At least 71 people were killed Friday in Myanmar's strife-torn Rakhine State when Rohingya Muslim insurgents launched simultaneous predawn attacks on 30 security outposts, police stations and an army base, according to the government's latest update.

It earlier said clashes broke out in Maungdaw district of northern Rakhine around 1 a.m. when "extremist Bengali terrorists" attacked security outposts and police stations in 24 separate locations in the area, which is mostly populated by minority Rohingya Muslims.

(Myanmar's State Counsellor Office Information Committee)

The government of the predominantly Buddhist country typically refers to the country's stateless, marginalized Rohingya in Rakhine, formerly called Arakan, as Bengalis, viewing them as illegal immigrants from neighboring Bangladesh.

Several hours after the first attacks, around 150 insurgents attempted to breach a military base in the district. At least six guns were lost to them. Attacks at security posts continued into the afternoon, with three police cars in Maungdaw destroyed by explosives.
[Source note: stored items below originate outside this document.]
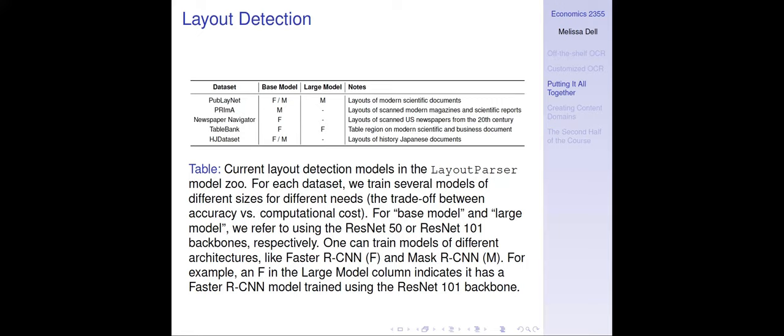There's also TableBank, which one of my collaborators did on modern tables from scientific articles and business documents — very clean, Microsoft Word-style tables. It won't work on idiosyncratic or historical tables, but can provide a good starting point. Just like for our newspapers, which look nothing like PubLayNet, starting with PubLayNet weights still cut training time in half. Even if you're going to fine-tune, it helps to start from a pre-trained model. The HJ dataset was the Japanese biographical data I showed you. As we create more models we'll add them, and we really hope other people will share their weights too.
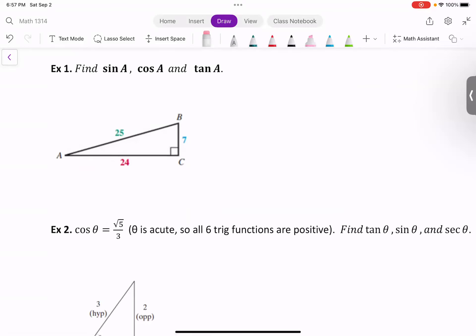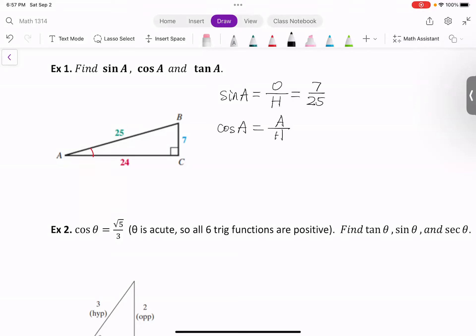Example one: find sine A, cosine A, and tangent A. It provides us a right triangle where A is the angle. Sine A equals opposite over hypotenuse — opposite is 7, hypotenuse is 25. Cosine A equals adjacent over hypotenuse — adjacent is 24, hypotenuse is 25. Tangent A equals opposite over adjacent — that's 7 over 24. You can also find the reciprocals if you want.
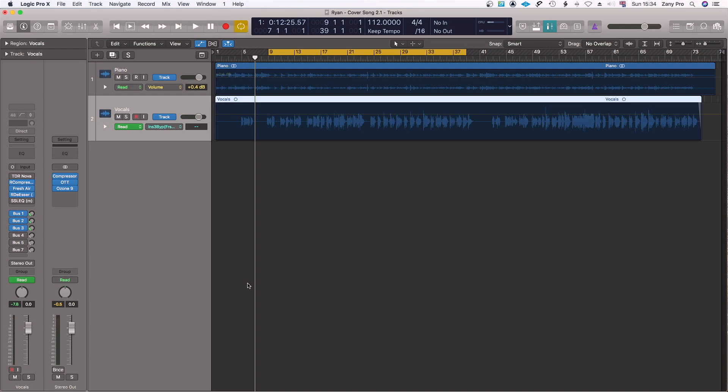Hello guys and welcome to the channel. On today's video is a quick tip on how to easily automate any parameter in Logic Pro X. This is what I call one-click automation. Basically, in order to turn it on, you need to go under Mix and hit this Auto Select Automation Parameter in Read Mode.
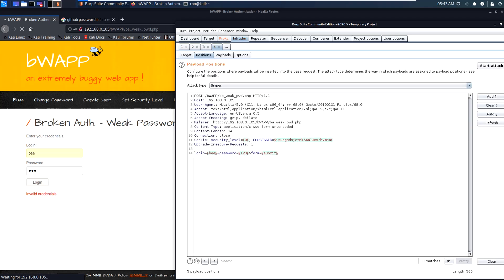We can see that Burp Suite marked the value with special characters. When Burp Suite marks a value with special characters, it means that value is going to be brute forced. Let's clear all those markings and mark only the password, because we want to brute force the password. Let's brute force the login admin.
(Myanmar's State Counsellor Office Information Committee)

The reported fatalities comprise 59 insurgents, 10 policemen, a soldier and an immigration officer. Security forces managed to capture one of the attackers.
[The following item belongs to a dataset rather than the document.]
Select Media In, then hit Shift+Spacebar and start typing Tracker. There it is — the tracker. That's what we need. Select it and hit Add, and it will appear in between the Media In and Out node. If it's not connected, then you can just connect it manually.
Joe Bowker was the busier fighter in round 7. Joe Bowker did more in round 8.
A health worker who survived an attack at police station said scores of people stormed through the gate and some tossed handmade explosives into the rooms where some police had been sleeping.

The government said some Muslim villagers in Yathetaung township in the vicinity of the attacks burned down their dwellings and fled into the nearby Mayu mountain range where the military has reported finding insurgent training camps.

The Arakan Rohingya Salvation Army, a group previously known as Harakah al-Yaqin, reportedly claimed responsibility for the early morning offensive.

A statement apparently posted by the group on social media said it is "taking defensive actions against the Burmese marauding forces" in response to atrocities committed in the northern Rakhine and a two-week government blockade affecting its people there.

In a statement issued in the evening, Myanmar leader Aung San Suu Kyi condemned the "brutal attacks" and commended the security forces for acting "with great courage in the face of many challenges."

She called the attacks "a calculated attempt to undermine the efforts of those seeking to build peace and harmony in Rakhine State," adding, "We must not allow our work to be derailed by the violent actions of extremists."

She said the government remains firm in its commitment to finding "meaningful and lasting solutions to the issues in Rakhine" and reiterated that she welcomes the "constructive approach" taken by the Advisory Commission on Rakhine State, which issued its final report the previous day.

In the report, the commission, led by former U.N. Secretary General Kofi Annan, warned of the risk of fresh rounds of violence "unless concerted action -- led by the government and aided by all sectors of the government and society -- is taken soon."

The commission's report contains 88 recommendations for the government on such things as socioeconomic development, citizenship, and freedom of movement.

Annan also issued a statement Friday afternoon condemning the attacks, expressing grave concern and calling on the security forces to exercise restraint in dealing with the situation.

"The alleged scale and gravity of these attacks mark a worrying escalation of violence. No cause can justify such brutality and senseless killing," he said.

Friday's incident marks the first such major attacks by the insurgents in Rakhine since Oct. 9 last year when nine border police stations and outposts in the region similarly came under simultaneous attacks, resulting in the deaths of nine officers and eight attackers.

The group that instigated the previous attacks is reportedly the same as that which claimed responsibility for the latest ones.

After the Oct. 9 attacks, the military responded with "clearance operations," raiding villages in search of culprits, arresting hundreds and causing tens of thousands of people to flee their homes and head across the border into Bangladesh.

More than 100 people, including 17 security officers, were killed during subsequent clashes between security forces and insurgents.

In recent months, efforts by extremists to recruit and train villagers in northern Rakhine have been exposed, causing concern for the government over the spread of radicalization among the populace.

Nearly 60 villagers, mostly Rohingya Muslims who are reportedly close to the authorities, have been murdered there, and at least 33 more have gone missing or been abducted since October.